Difficult scenario for India in Bangladesh

As it appears now, Indian foreign policy seems to be somewhat clueless about the course to be charted with regard to Bangladesh.

Sentinel Digital Desk

 Amitava Mukherjee 

The author is a senior journalist and commentator.He can be reached at amitavamukherjee253@gmail.com.

As it appears now, Indian foreign policy seems to be somewhat clueless about the course to be charted with regard to Bangladesh. Hasina Wazed, the deposed former Prime Minister of Bangladesh, has taken shelter in India. The new Bangladesh administration led by Mohammed Yunus has called for her extradition. An International Crimes Tribunal set up by the interim government there has issued an arrest warrant against Hasina. If India does not extradite her, it will hinder bilateral relations. Sabre rattlings by some Bangladeshi politicians on this issue are there. What can New Delhi do in such a situation? It can at best request Hasina to find refuge in a third country. It is not in the public domain whether the Government of India has already sent a message across to Hasina in this line. Perhaps it has not and will not do so in the near future. The time is running out. Good neighbourly relations with Bangladesh are necessary for India for the strategic security of the north-eastern India, to say the least.

So far, New Delhi has presented a confused approach. At first, it adopted a laidback approach by giving shelter to Hasina and watching the fast changing scenario in Bangladesh from the fence. New Delhi even allowed Hasina to make statements from India. The message was clear: India still regards the Awami League and its leader Hasina Wazed as trusted friends. This means that the Bangladesh Nationalist Party (BNP), the other large political party of the country, is looked upon with disfavour by India. Meanwhile, diplomatic representatives of the US, the UK, China, and Pakistan met the high-ups of the BNP in order to strike a bridge with the party, which is sure to become a force after the next general election of Bangladesh. Mirza Fakhrul Islam, the secretary general of the BNP, highlights this in media interviews. Perhaps this gave New Delhi a jerk. Its ambassador in Dhaka, Pranay Verma, rushed to the BNP office and met Islam.

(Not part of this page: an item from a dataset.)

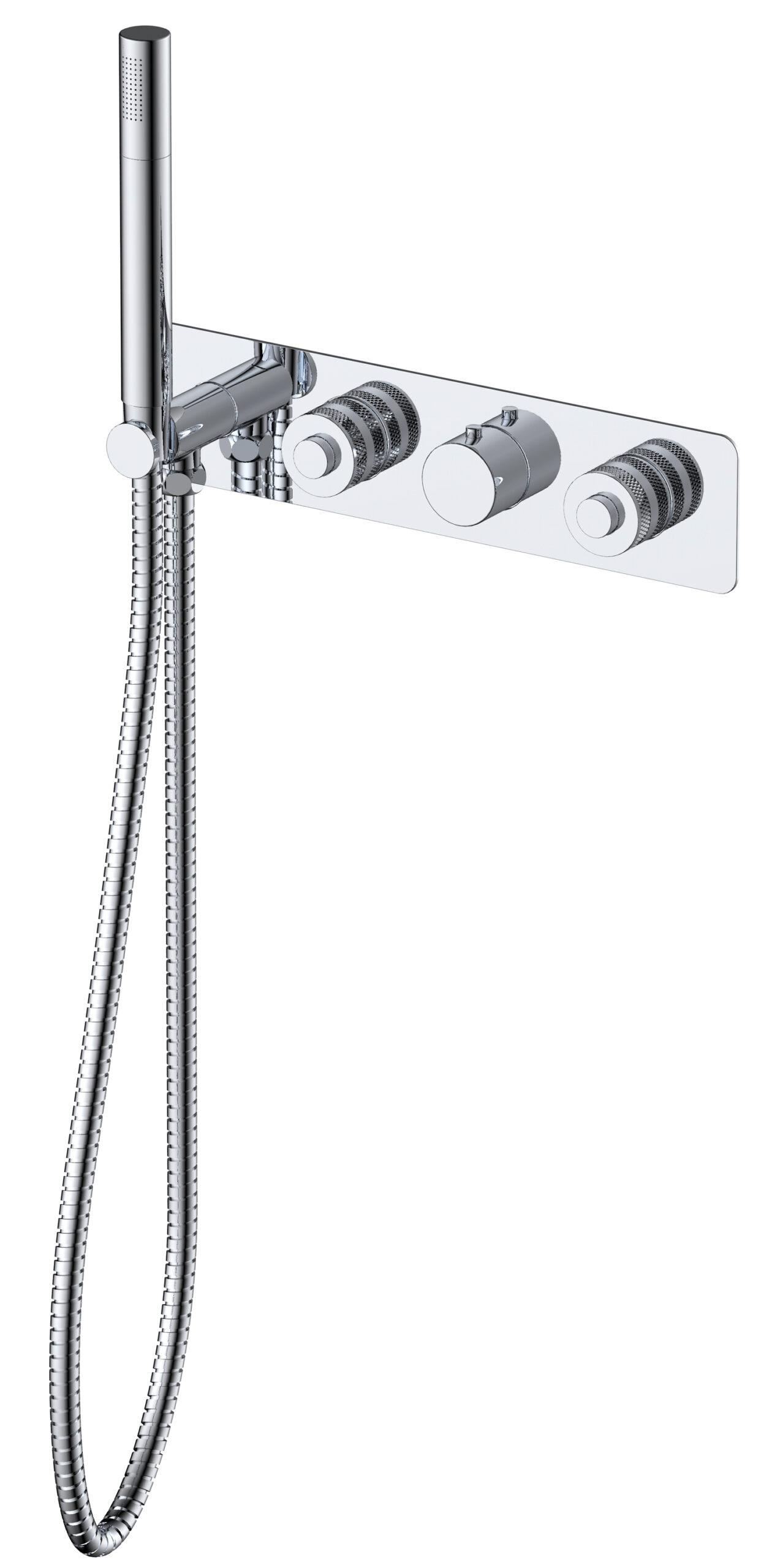 RAK Ceramics Prima Tech Dual Outlet Concealed Thermostatic Shower with Hand Shower and Back Plate (Horizontal) RAKPRT3026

This is understandable, as New Delhi never had a well-defined Bangladesh policy—one that refashions itself in line with the continuous changes in Bangladeshi politics and society. The administration of Indira Gandhi could never get over its euphoria over ‘breaking up of Pakistan’ although Sheikh Mujibur Rahaman, Prime Minister of the newly liberated Bangladesh, was showing all signs of downfall. India chose to look the other way when Mujib should have been cautioned about many of his faulty political and administrative approaches. Even when the first Bangladeshi Prime Minister became openly autocratic and imposed a one-party system by launching the Bangladesh Krishak Shramik Awami League (BAKSAL), he had received moral support from India.

For New Delhi, the problem lies in the fact that India does not have any third option to fall back upon as most of the smaller constituents of the Awami League-led alliance have become inconsequential. Historically, Congress used to enjoy a channel with the Left political bloc in Bangladesh in addition to the Awami League. This resulted from the active role the CPI had played during the Bangladesh liberation war, a time during the threshold of the 1970s when the Congress led by Indira Gandhi had close cooperation with the CPI. The BJP does not have this advantage in spite of the fact that a few left-leaning intellectuals in Dhaka are known to have enjoyed some connections with some influential members of the Government of India.

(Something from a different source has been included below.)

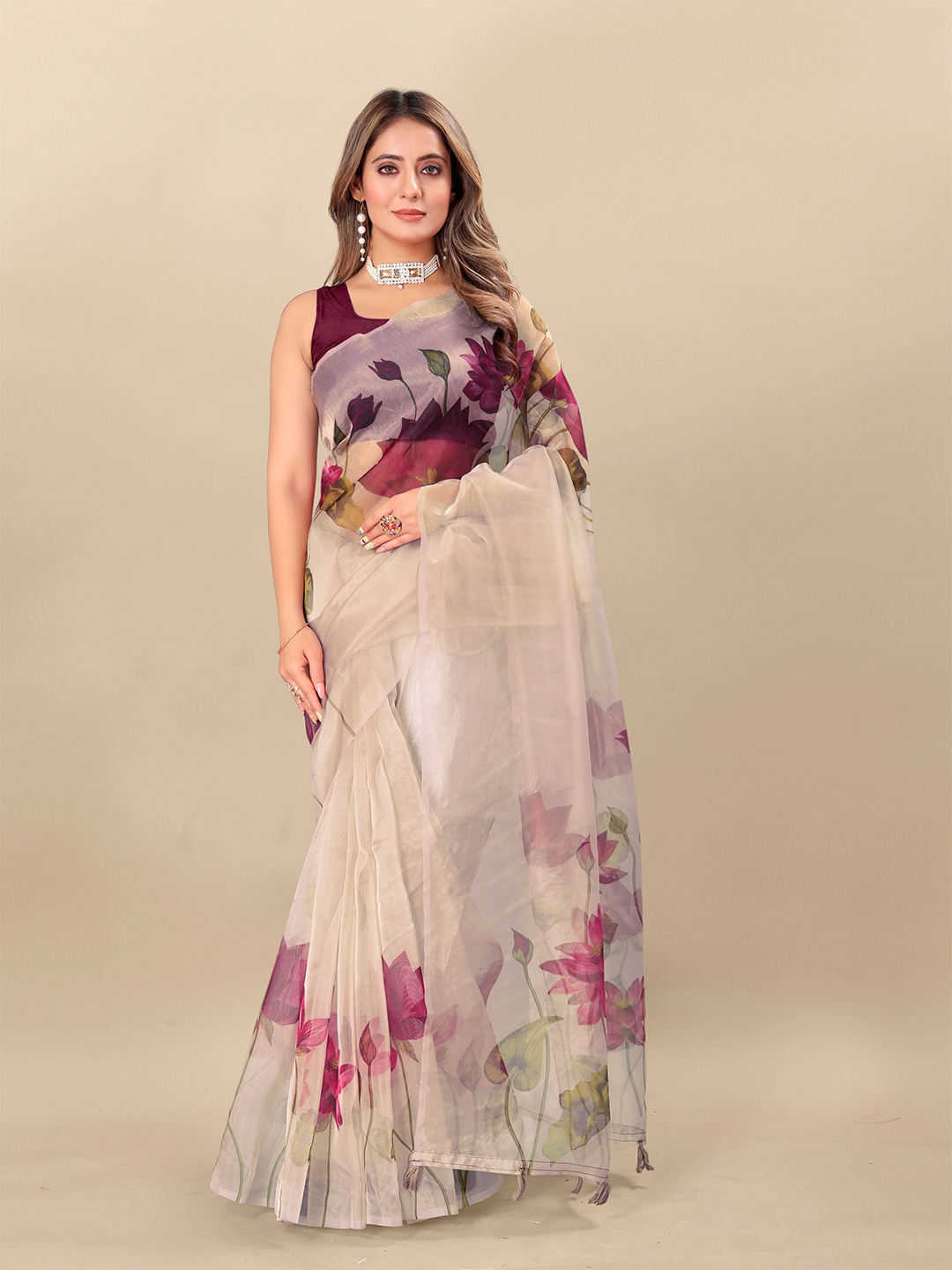 

KALINI Floral Printed Organza Saree, Cream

But for ensuring the security of North-Eastern India and securing stability for Indian investments in Bangladesh, New Delhi must now think of an alternative foreign policy approach, independent of the Awami League. This is not to suggest that India should now leave Hasina Wazed in the lurch. On the contrary, it should be the opposite. The Awami League’s connections with India, and particularly its championing of Bengali nationalism, have a long-term bearing on Indian foreign policy. Perhaps the BNP also understands this, and in his media interviews, Mirza Fakhrul Islam, the party secretary general, has taken pains to point out that India should not put all her eggs in one basket. For Bangladesh, India is too important a neighbour, and given India’s rising profile in South Asian geopolitics and in the Asia Pacific, no Bangladeshi politician will be prepared to rub India in the wrong way.

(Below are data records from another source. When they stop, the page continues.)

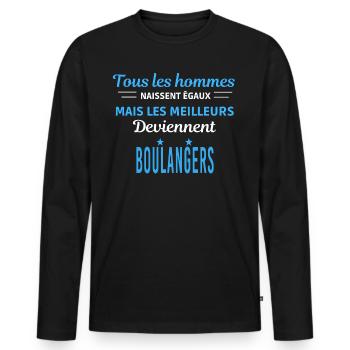 tous les hommes naissent égaux Boulangers - T-shirt manches longues Premium bio Homme - noir - Devant - Nico (187cm)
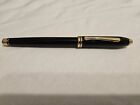 NOS Cross Townsend Fountain Pen - Gold Nib, Black Lacquer w/ Gold Trim, USA-Made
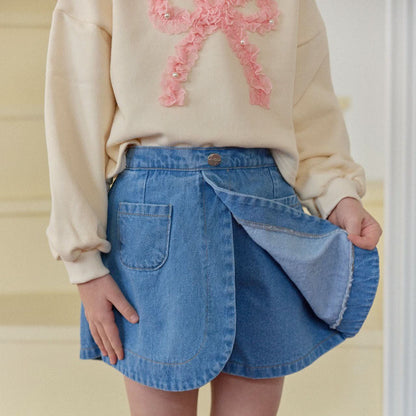 Toddler S25 Lace & Pearl Bow Sweatshirt (2 - 7y) - Cream kids outfit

But here lies the test for Indian foreign policymakers. To what extent can they go towards taking the BNP into confidence? Surely fifty-two years is sufficient time for understanding any state character. Here Indian foreign policy has failed totally, as it has not been able to understand that the structural sinews of independent Bangladesh have not changed significantly from what they had been during the country’s Pakistan days. Bangladesh has retained almost the same ethno-religious character that East Pakistan did have, and this latent state character, although very insufficiently understood by Indian policymakers, always fuels mutual distrust between New Delhi and Dhaka.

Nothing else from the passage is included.